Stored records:
::::::

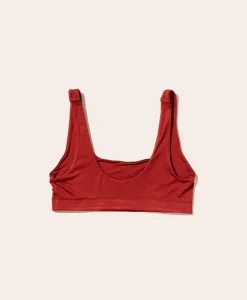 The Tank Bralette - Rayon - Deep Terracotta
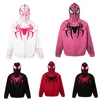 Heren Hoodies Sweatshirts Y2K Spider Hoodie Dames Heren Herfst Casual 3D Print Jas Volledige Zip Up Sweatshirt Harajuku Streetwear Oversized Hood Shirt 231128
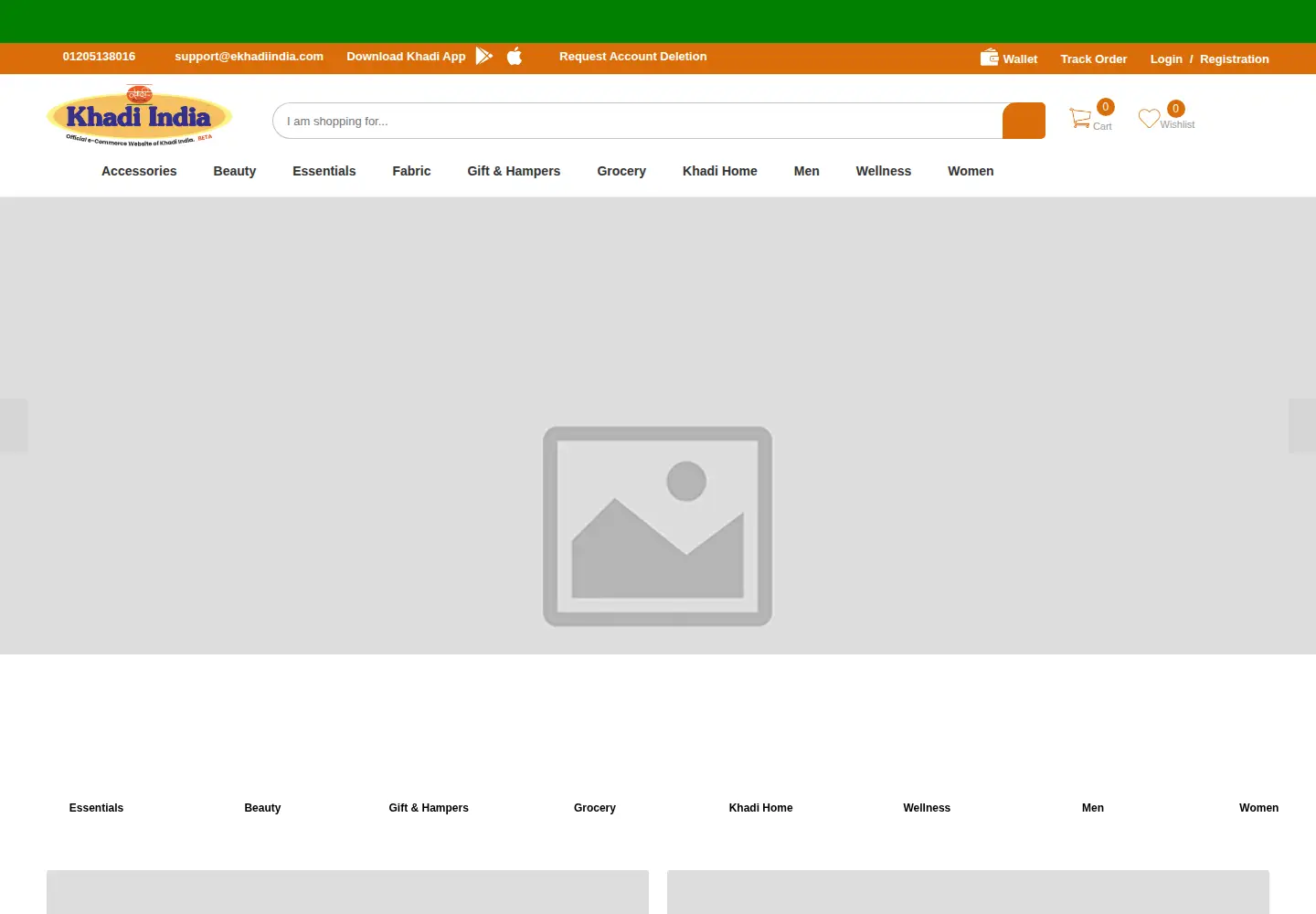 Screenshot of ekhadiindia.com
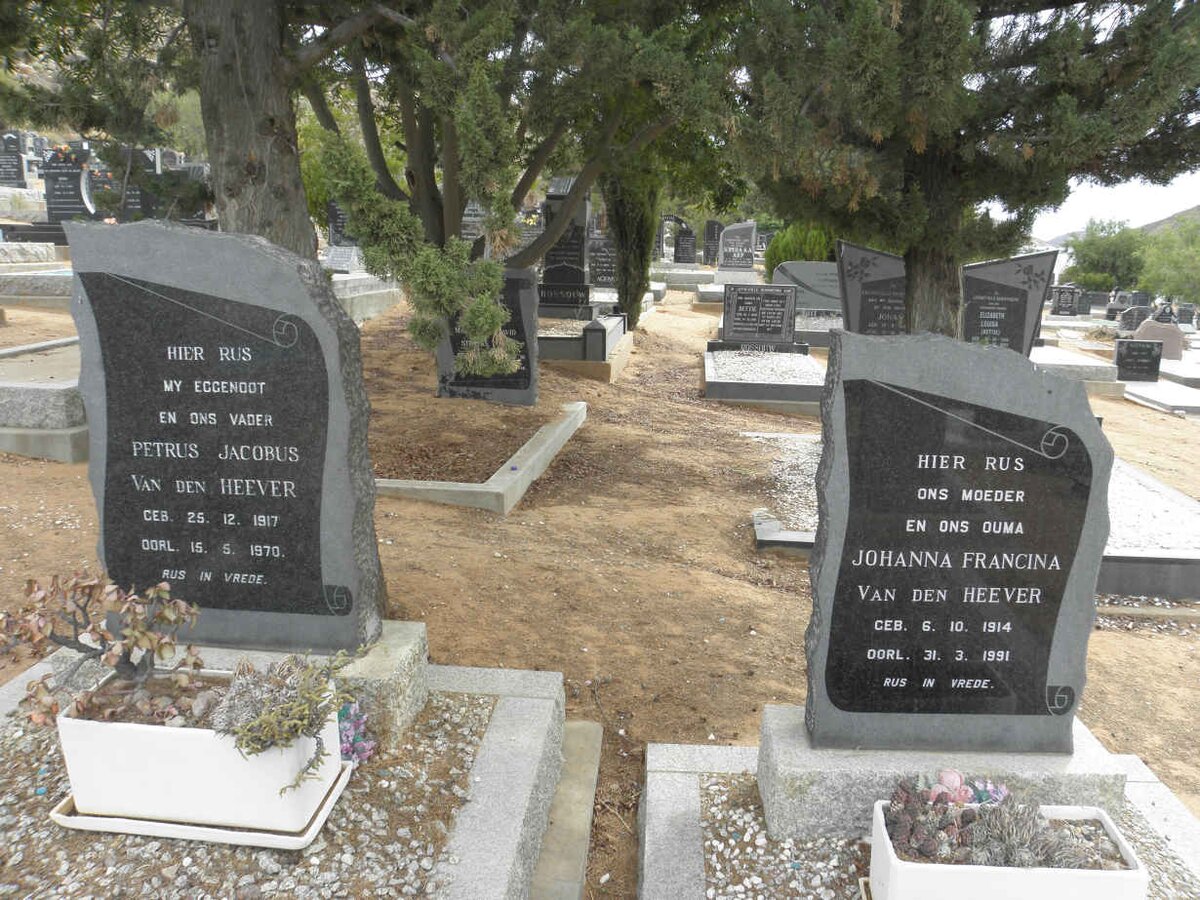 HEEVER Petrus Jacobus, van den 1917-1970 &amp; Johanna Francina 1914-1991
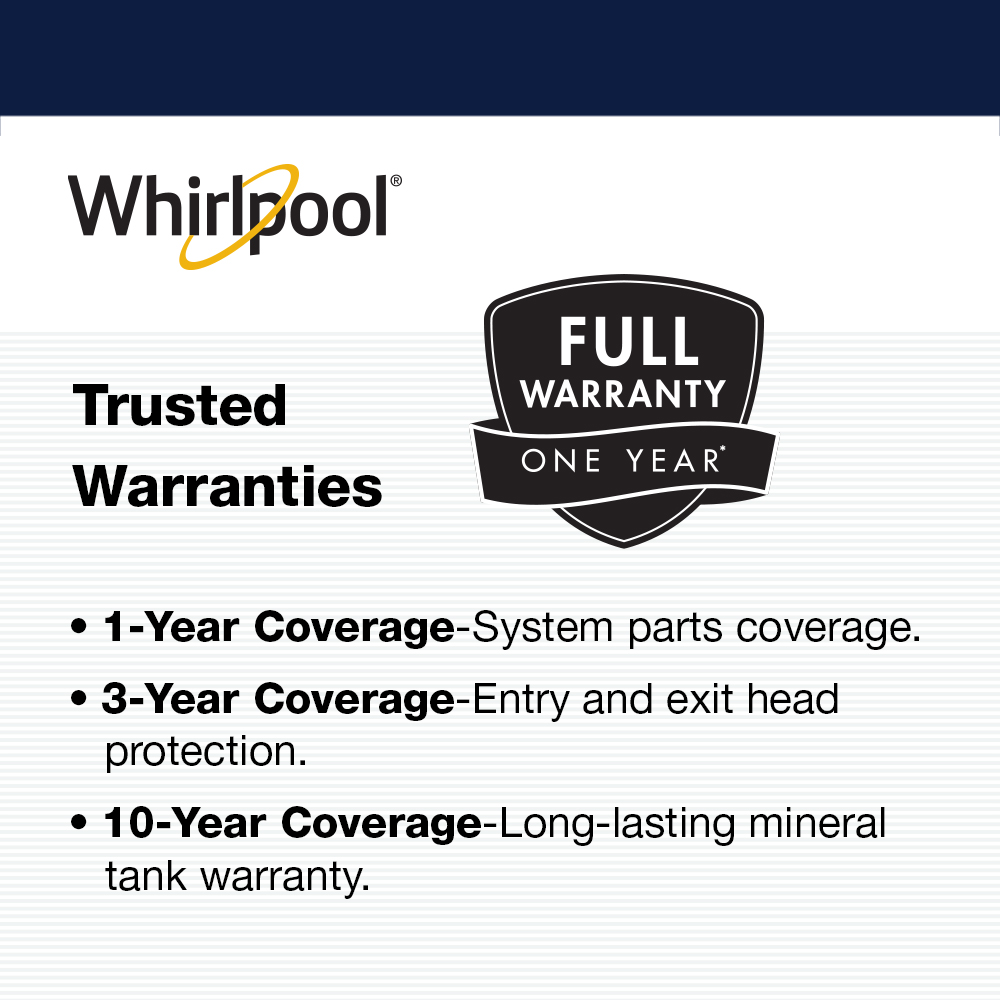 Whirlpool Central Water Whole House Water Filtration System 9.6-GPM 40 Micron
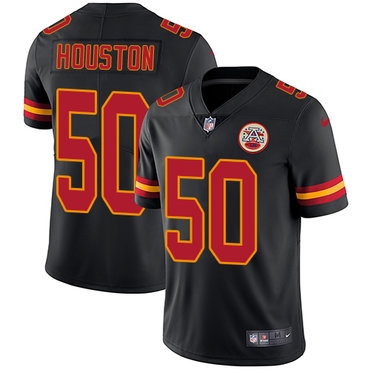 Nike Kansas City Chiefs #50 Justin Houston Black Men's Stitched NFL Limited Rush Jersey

::::::

• WHAT YOU HAVE TO DO: All the records above must be retyped exactly, except for their pictures.

• ANSWER BOX:
 The Tank Bralette - Rayon - Deep Terracotta
 Heren Hoodies Sweatshirts Y2K Spider Hoodie Dames Heren Herfst Casual 3D Print Jas Volledige Zip Up Sweatshirt Harajuku Streetwear Oversized Hood Shirt 231128
 Screenshot of ekhadiindia.com
 HEEVER Petrus Jacobus, van den 1917-1970 &amp; Johanna Francina 1914-1991
 Whirlpool Central Water Whole House Water Filtration System 9.6-GPM 40 Micron
 Nike Kansas City Chiefs #50 Justin Houston Black Men's Stitched NFL Limited Rush Jersey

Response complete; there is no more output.